TASK TO COMPLETE:
Within the entries below, the lines from the one with "Agrigento: Escursione in" through the one with "New Orleans forward" are to be set down exactly, both ends kept.

### DATASET ###

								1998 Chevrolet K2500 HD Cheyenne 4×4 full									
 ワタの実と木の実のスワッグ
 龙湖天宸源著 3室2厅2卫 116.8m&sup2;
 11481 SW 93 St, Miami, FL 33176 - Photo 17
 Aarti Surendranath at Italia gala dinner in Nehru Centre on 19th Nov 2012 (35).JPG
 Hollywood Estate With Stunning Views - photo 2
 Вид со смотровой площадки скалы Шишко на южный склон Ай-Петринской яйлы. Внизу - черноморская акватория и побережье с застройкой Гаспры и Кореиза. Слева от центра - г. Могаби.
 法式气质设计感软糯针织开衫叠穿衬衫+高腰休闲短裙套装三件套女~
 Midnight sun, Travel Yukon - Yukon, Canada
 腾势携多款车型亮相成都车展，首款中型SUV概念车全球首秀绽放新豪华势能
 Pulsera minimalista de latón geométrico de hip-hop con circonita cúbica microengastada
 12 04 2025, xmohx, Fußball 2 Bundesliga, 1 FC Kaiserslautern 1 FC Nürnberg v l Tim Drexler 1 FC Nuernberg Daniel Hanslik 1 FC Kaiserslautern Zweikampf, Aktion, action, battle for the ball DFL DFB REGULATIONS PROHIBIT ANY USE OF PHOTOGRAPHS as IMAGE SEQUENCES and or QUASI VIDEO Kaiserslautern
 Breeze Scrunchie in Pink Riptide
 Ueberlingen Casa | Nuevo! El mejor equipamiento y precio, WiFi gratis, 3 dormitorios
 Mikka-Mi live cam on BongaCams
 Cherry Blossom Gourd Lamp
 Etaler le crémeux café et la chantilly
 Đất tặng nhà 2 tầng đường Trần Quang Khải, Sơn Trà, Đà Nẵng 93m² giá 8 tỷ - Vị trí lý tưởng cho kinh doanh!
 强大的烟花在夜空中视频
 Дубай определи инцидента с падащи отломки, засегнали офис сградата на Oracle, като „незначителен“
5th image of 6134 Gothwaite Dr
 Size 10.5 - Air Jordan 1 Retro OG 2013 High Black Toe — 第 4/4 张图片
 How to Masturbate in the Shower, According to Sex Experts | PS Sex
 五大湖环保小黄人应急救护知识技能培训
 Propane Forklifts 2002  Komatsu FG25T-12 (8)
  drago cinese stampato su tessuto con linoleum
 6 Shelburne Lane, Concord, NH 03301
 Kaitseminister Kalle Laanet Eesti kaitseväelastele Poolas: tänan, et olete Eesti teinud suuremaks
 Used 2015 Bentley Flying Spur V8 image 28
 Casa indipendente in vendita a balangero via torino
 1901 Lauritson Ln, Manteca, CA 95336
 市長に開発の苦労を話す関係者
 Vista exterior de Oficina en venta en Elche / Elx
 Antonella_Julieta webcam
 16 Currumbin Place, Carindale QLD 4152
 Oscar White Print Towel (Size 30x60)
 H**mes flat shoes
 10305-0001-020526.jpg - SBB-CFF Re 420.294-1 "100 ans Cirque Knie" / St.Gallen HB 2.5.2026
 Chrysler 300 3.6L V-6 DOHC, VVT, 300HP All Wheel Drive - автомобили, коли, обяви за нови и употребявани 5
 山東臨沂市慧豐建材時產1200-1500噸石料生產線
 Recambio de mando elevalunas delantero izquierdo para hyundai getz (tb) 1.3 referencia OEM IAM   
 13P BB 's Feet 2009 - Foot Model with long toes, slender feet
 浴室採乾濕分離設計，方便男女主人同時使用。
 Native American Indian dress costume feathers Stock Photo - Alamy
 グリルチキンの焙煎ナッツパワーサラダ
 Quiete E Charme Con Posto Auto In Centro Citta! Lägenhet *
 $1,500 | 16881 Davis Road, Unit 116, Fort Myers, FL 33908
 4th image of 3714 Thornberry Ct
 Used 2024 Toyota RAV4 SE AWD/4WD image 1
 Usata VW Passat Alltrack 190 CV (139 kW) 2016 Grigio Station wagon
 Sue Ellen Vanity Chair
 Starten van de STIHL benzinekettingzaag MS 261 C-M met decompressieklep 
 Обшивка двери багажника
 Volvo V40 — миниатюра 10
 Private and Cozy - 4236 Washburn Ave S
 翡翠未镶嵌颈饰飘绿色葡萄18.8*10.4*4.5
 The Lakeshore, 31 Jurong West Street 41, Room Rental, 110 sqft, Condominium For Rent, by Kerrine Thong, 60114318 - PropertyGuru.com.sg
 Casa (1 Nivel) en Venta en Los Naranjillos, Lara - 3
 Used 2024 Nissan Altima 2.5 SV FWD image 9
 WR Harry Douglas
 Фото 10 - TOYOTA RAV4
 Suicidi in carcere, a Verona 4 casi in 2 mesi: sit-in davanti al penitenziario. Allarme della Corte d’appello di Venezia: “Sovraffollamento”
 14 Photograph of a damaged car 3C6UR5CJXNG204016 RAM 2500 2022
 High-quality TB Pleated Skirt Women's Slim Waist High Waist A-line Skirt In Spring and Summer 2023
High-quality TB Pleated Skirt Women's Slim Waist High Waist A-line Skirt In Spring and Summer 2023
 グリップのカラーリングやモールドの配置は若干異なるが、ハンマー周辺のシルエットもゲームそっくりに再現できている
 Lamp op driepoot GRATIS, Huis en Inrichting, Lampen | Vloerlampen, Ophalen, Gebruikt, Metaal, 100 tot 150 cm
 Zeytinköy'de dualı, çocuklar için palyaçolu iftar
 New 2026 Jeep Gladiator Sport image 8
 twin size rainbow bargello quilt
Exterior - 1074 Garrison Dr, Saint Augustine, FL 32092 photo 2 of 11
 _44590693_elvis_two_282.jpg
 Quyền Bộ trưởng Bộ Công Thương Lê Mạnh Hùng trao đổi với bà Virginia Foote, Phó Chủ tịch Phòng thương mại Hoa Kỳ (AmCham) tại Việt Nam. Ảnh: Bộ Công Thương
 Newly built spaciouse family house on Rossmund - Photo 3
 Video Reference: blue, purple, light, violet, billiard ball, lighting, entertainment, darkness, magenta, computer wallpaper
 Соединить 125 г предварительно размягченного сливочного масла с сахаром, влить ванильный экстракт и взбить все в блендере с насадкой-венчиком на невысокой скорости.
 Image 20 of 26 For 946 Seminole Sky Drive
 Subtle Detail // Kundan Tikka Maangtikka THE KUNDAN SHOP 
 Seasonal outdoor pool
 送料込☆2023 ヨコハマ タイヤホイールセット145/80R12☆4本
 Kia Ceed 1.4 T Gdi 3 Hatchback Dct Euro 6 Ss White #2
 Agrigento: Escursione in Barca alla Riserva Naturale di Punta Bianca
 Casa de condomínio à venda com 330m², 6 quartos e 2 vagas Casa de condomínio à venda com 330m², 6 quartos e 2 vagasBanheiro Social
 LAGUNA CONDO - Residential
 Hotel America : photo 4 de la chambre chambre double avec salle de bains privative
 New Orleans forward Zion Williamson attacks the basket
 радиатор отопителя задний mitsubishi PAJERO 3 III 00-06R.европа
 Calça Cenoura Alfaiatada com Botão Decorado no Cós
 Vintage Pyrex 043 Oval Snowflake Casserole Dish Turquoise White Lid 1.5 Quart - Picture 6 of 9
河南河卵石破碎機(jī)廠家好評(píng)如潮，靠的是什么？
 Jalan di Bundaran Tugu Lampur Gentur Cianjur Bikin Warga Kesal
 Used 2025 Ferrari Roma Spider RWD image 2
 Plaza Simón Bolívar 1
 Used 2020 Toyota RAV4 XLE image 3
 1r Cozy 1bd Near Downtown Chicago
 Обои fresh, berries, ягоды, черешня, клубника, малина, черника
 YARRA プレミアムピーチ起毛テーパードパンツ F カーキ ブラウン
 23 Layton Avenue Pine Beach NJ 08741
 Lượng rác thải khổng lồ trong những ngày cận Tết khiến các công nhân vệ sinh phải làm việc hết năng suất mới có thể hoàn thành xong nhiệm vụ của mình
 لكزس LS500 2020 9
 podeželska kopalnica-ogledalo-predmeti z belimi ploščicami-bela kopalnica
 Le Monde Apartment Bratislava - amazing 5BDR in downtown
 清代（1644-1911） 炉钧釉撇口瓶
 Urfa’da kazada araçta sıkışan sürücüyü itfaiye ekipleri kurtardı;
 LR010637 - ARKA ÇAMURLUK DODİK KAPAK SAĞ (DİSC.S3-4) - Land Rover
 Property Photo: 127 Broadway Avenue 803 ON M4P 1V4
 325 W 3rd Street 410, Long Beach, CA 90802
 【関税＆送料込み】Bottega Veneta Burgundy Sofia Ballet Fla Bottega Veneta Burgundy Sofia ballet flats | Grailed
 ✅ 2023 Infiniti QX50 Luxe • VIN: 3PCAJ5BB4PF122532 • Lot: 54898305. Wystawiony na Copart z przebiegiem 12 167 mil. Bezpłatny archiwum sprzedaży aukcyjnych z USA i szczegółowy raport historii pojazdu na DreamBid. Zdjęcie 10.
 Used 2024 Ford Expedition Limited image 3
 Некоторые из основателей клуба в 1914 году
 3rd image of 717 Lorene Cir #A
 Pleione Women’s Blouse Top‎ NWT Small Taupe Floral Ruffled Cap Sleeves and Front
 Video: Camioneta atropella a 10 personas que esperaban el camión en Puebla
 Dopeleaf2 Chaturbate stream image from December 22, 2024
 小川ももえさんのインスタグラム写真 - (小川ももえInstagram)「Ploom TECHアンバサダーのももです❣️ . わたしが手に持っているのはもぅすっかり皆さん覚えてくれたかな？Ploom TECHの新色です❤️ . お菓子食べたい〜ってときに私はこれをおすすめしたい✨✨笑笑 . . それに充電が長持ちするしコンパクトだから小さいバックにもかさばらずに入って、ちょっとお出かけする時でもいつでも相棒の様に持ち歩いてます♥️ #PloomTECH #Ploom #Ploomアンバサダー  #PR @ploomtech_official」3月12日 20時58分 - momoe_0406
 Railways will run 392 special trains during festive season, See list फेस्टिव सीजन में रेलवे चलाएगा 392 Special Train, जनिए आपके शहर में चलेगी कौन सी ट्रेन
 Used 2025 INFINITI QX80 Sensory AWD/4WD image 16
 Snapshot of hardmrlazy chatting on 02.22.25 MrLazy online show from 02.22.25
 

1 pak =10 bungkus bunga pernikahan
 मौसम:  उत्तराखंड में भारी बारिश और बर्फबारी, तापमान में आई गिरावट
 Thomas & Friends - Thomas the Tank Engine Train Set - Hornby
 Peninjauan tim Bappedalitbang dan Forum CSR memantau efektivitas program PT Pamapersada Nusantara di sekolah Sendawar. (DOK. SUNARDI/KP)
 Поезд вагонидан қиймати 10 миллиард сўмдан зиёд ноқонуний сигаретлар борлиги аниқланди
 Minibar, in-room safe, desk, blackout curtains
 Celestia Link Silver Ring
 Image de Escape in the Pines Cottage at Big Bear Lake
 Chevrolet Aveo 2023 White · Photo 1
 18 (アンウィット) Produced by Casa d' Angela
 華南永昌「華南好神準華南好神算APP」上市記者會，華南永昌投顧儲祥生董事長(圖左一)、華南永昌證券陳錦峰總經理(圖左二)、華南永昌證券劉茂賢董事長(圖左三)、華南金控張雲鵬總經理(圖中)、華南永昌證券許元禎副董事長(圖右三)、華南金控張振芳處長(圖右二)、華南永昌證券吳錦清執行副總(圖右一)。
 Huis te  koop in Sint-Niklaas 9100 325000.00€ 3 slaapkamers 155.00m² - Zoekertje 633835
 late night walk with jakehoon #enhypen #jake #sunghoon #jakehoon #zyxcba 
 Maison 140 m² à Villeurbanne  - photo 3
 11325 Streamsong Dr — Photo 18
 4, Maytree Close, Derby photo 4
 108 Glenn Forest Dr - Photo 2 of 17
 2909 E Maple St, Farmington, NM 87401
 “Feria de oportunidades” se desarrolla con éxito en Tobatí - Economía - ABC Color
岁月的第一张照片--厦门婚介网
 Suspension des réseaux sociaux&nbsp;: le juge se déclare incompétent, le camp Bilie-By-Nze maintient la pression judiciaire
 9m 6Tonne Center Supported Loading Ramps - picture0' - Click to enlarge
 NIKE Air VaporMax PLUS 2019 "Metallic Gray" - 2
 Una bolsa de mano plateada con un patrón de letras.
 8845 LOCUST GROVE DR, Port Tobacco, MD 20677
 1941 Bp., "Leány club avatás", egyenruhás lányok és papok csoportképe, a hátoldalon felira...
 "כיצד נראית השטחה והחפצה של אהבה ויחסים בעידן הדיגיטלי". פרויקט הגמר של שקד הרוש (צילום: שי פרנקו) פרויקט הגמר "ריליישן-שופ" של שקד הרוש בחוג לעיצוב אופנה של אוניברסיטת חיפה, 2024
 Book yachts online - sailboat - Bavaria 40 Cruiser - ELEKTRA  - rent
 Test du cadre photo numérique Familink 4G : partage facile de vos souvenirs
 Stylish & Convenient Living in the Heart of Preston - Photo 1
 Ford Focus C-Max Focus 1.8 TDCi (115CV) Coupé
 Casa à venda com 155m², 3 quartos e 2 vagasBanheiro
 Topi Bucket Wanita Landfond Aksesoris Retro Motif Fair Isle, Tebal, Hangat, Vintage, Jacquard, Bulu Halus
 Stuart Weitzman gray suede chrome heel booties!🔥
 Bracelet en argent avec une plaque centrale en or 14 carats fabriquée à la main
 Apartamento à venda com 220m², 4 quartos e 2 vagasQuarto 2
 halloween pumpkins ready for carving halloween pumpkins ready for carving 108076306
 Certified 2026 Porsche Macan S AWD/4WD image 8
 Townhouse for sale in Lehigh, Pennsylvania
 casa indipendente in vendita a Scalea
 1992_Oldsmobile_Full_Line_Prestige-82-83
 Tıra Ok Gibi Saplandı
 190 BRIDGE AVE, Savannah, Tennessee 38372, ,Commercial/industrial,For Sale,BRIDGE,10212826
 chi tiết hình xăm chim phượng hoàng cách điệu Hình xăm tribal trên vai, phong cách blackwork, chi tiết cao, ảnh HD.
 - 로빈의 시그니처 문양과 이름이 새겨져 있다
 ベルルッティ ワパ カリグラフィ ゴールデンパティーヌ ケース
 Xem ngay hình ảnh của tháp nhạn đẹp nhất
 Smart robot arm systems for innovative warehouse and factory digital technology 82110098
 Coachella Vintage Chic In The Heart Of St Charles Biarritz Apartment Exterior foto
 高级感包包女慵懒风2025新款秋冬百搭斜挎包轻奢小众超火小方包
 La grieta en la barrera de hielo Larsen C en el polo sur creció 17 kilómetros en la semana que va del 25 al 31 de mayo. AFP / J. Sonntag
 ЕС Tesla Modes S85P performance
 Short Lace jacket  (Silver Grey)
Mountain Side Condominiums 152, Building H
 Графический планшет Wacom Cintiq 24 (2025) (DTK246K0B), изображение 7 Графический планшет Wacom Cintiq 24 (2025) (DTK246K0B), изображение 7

###

ANSWER BELOW:
 Agrigento: Escursione in Barca alla Riserva Naturale di Punta Bianca
 Casa de condomínio à venda com 330m², 6 quartos e 2 vagas Casa de condomínio à venda com 330m², 6 quartos e 2 vagasBanheiro Social
 LAGUNA CONDO - Residential
 Hotel America : photo 4 de la chambre chambre double avec salle de bains privative
 New Orleans forward Zion Williamson attacks the basket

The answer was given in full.